4. Give yourself permission to “put it down”
This technique involves acknowledging your worry or fear and allowing yourself to let it go. The visualization I sometimes recommend is like putting a book on a bookshelf in the room you’re in. You’ve recognized the worry for what it is, examined it, broken it down into what is realistic or unrealistic, what you can control or can’t control and now you allow yourself to set it down. You might use self-dialogue to tell yourself that any further examination isn’t needed (or helpful) and that you’re now letting it go (or putting it on the shelf). You can “put it down” and choose to focus on something else.
5. Review self-efficacy
It’s important to build your sense of confidence that come what may, you’ll be able to deal with it. Sure there are exceptions, but if you can’t directly fix it, solve it or make it go away…you can get help. Remind yourself of the past negative events, past situations that caught you off guard or unaware and how you were able to deal with it. Or maybe you imagined a possible situation to be much worse than it turned out to be. In the end, you did what you needed to do to get a positive (or even neutral) outcome. You got this!
6. Look at the big picture
Life isn’t always easy (spoiler alert) but there’s also lots of good experiences, events and outcomes. It’s not all bad. Again, we can’t control everything but even in the things that we can’t control, sometimes they work out OK (or better than we could have expected). Maybe you lose your job (or find yourself trapped in a toxic work environment) but it becomes the push you need to try something totally different; leading you to great success. Don’t let yourself become Eeyore.
7. Slow your body/mind through physical interventions
When we worry, it’s very likely our body goes into “fight or flight” mode. This means our bodies tense up, our adrenaline gets a boost, digestion and blood flow respond correspondingly. This isn’t bad if a bear appears on the path ahead, but if it’s raining and we begin to worry about the health of our roof, it’s not helpful. It’s at this point we need to intentionally slow our breathing, relax our muscles and focus our attention on something else. We actually think better when we’re more relaxed.

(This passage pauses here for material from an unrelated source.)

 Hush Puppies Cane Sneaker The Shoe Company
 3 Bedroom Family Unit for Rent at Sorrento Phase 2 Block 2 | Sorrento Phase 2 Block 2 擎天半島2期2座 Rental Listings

8. Try Cognitive Behavioral Therapy (CBT)
Depending on the severity of your worry, you might find Cognitive Behavioral Therapy (an evidence based practice) to be of great assistance. It helps us recognize negative patterns of thinking and teaches us to create new, healthy patterns. Maybe past experiences that we’ve never examined are driving the fear/worry and we might need professional intervention. Working with someone skilled in this area can produce significant improvement.